▶ **What the exercise asks**
Skip the pictures. Transcribe the rest of the data below without changing a word.

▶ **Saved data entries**
=== Begin Enclosure ===
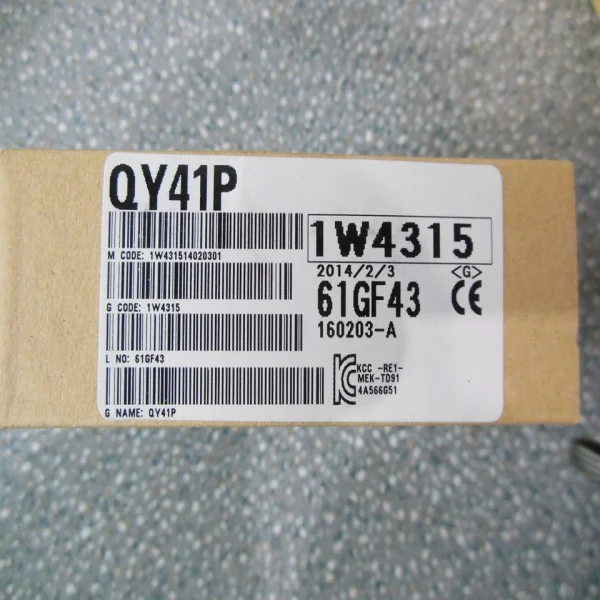 Qy41p Pcplc Brand New Original Spot Plc
Qy41p Pcplc Brand New Original Spot Plc
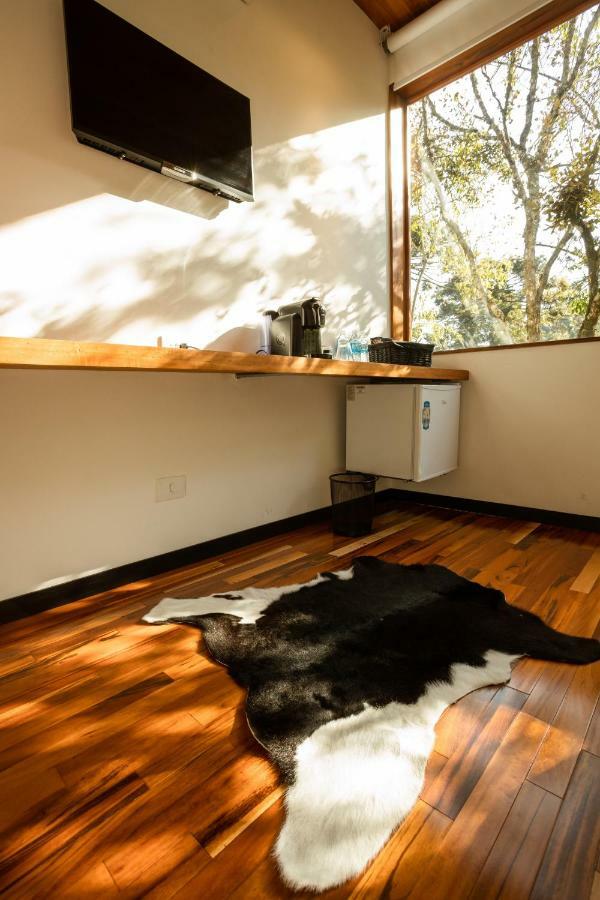 Winter Suites Campos Do Jordao - Capivari Bagian luar foto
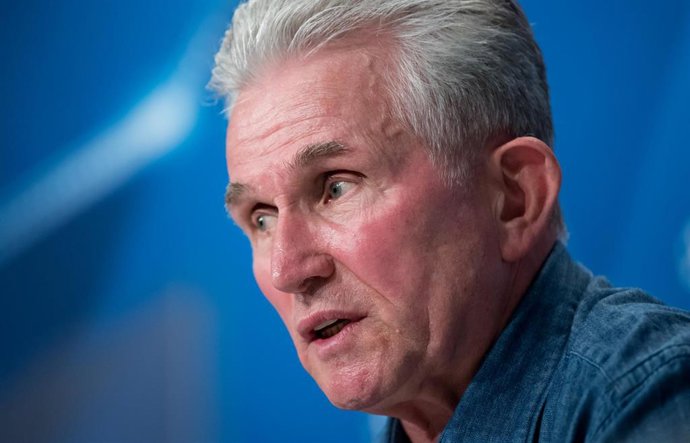 El entrenador alemán Jupp Heynckes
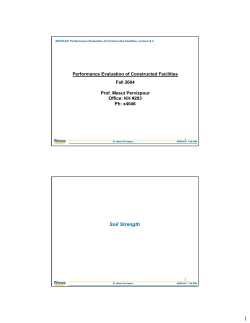 Soil Strength - ResearchGate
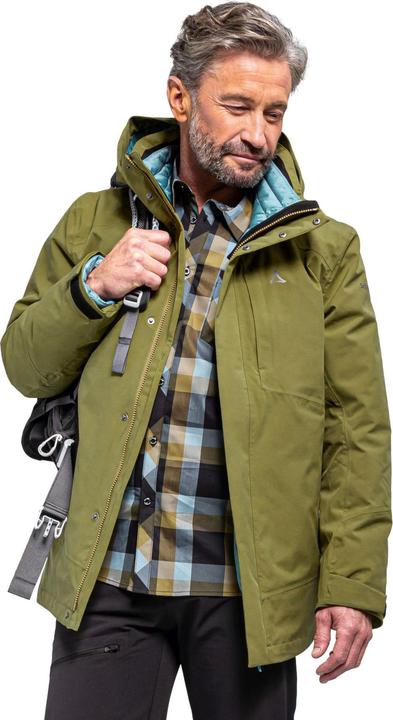Produktbild Schöffel Doppeljacke 3in1 Regenjacke Auerspitz M (3XL)
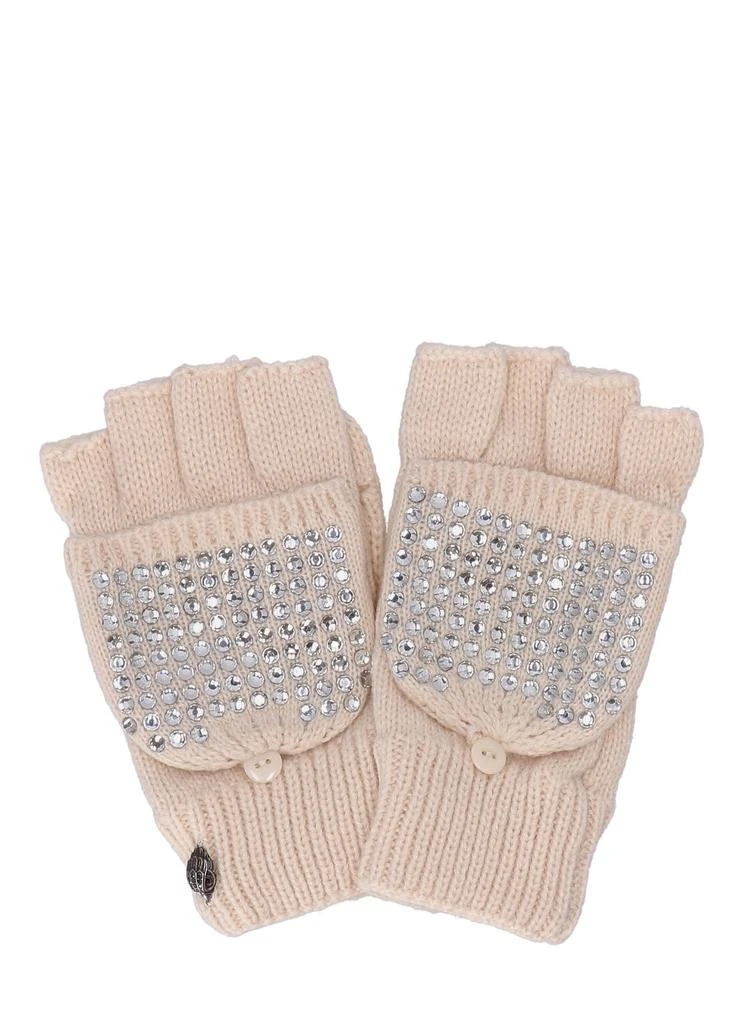 Kurt Geiger Crystal Eagle Gloves 1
=== End Enclosure ===
▶ **Your solution**
 Qy41p Pcplc Brand New Original Spot Plc
Qy41p Pcplc Brand New Original Spot Plc
 Winter Suites Campos Do Jordao - Capivari Bagian luar foto
 El entrenador alemán Jupp Heynckes
 Soil Strength - ResearchGate
Produktbild Schöffel Doppeljacke 3in1 Regenjacke Auerspitz M (3XL)
 Kurt Geiger Crystal Eagle Gloves 1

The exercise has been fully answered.